Dai Yong, Liu Chaoling, Chen Jiaping, Zeng Qigang, Duan Chenxia
Department of Respiratory Medicine, Guangdong Provincial Hospital of Integrated Traditional Chinese and Western Medicine, Foushan, Guangdong Province, China.
Medicine (Baltimore). 2019 Jan;98(3):e14151. doi: 10.1097/MD.0000000000014151.
Clinical and radiologic manifestations of pleural amyloidosis are non-specific. And it can easily be missed or misdiagnosed. Meanwhile, few studies document amyloidosis presenting with pulmonary infarcts at the same time. Hereby, we report a case of immunoglobulin light chain amyloidosis (AL) pleural amyloidosis with pulmonary embolism rarely reported.
A 66-year-old male patient who suffered recurrent pleural effusion for more than 6 months and coughed for 2 months was admitted to hospital for clear diagnosis and treatment. He was previously engaged in a job which exposed him to dust and talcum powder for a long time. He underwent right thoracentesis and anti-infective treatment before admission. The patient's cough and shortness of breath were slightly relieved. He still experienced pleural effusion and had symptoms of cough and shortness of breath.
Chest X-ray demonstrated bilateral pleural effusion. Chest computed tomography (CT) angiography demonstrated left lower pulmonary embolism. The thorascopy showed hyperaemia and black tissue of the parietal pleura, which were biopsied. The pathological diagnosis was amyloidosis. The final diagnosis of this patient was AL pleural amyloidosis and left lower pulmonary embolism.
During the hospitalization, the patient underwent thoracentesis several times without any conclusive diagnosis. After the diagnosis of pleural amyloidosis, the patient was repeatedly advised to undergo bone marrow biopsy and pleurodesis which the patient refused. For pulmonary embolism, Nadroparin calcium combined Warfarin were administered as anticoagulative therapy.
The pulmonary embolism resolved 13 days after the anticoagulant therapy. The patient refused treatment for pleural effusion and requested for discharge. At the time of discharge, shortness of breath was relieved, and the pleural effusion had decreased. The patient was lost to follow-up.

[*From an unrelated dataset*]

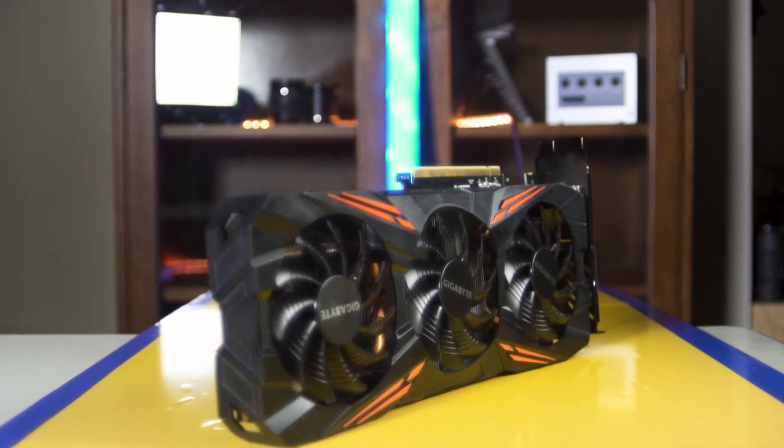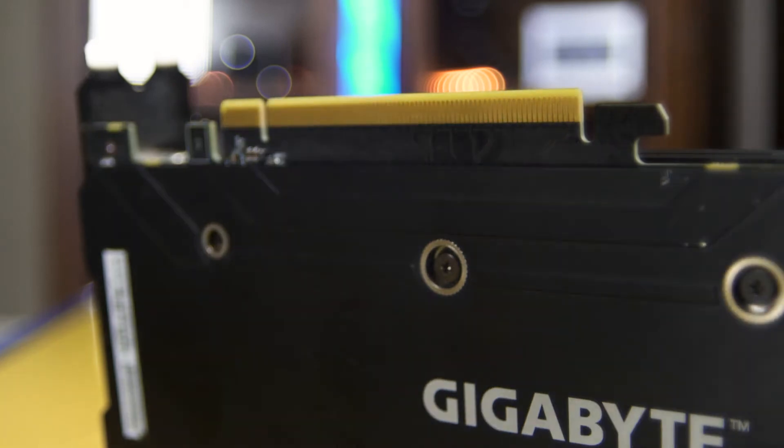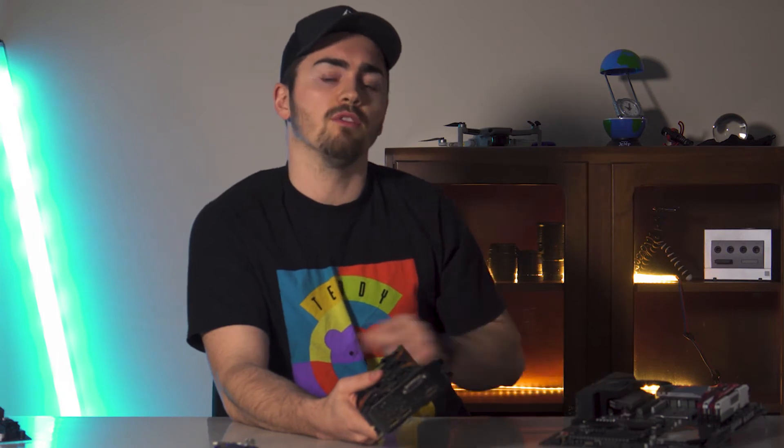In a PC, GPUs handle your graphics — hence the name graphics processing unit. They plug in with the gold strip on the bottom into one of the PCIe slots on your motherboard. Typically newer motherboards will have a strengthened metal frame around the PCIe slot because of how heavy the GPUs have been getting recently.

Amyloidosis is a rare disease which can be ignored by many clinicians. It needs to be diagnosed promptly since the prognosis of amyloidosis is poor. Clinicians must improve relevant understandings of this kind of disease so as not to delay the diagnosis and treatment. We must be alert to the occurrence of embolic disease among amyloidosis patients. Last but not least, we should also think of the possibility of amyloidosis in patients with pulmonary embolism and recurrent pleural effusion.
胸膜淀粉样变性的临床和影像学表现不具有特异性。它很容易被漏诊或误诊。同时,很少有研究记录淀粉样变性同时伴有肺梗死的情况。在此,我们报告一例罕见的免疫球蛋白轻链淀粉样变性(AL)胸膜淀粉样变性合并肺栓塞的病例。
一名66岁男性患者,反复胸腔积液6个月余,咳嗽2个月,因明确诊断及治疗入院。他之前长期从事接触粉尘和滑石粉的工作。入院前曾行右胸腔穿刺及抗感染治疗。患者咳嗽及气短稍有缓解。但仍有胸腔积液,并有咳嗽及气短症状。
胸部X线显示双侧胸腔积液。胸部计算机断层扫描(CT)血管造影显示左肺下叶栓塞。胸腔镜检查显示壁层胸膜充血及黑色组织,进行了活检。病理诊断为淀粉样变性。该患者最终诊断为AL胸膜淀粉样变性及左肺下叶栓塞。
住院期间,患者多次接受胸腔穿刺,但未得出明确诊断。在诊断为胸膜淀粉样变性后,多次建议患者进行骨髓活检及胸膜固定术,但患者拒绝。对于肺栓塞,给予那屈肝素钙联合华法林进行抗凝治疗。
抗凝治疗13天后肺栓塞消失。患者拒绝治疗胸腔积液并要求出院。出院时,气短缓解,胸腔积液减少。患者失访。
淀粉样变性是一种罕见疾病,许多临床医生可能会忽视它。由于淀粉样变性预后较差,需要及时诊断。临床医生必须提高对这类疾病的相关认识,以免延误诊断和治疗。我们必须警惕淀粉样变性患者中栓塞性疾病的发生。最后但同样重要的是,我们也应考虑肺栓塞和反复胸腔积液患者发生淀粉样变性的可能性。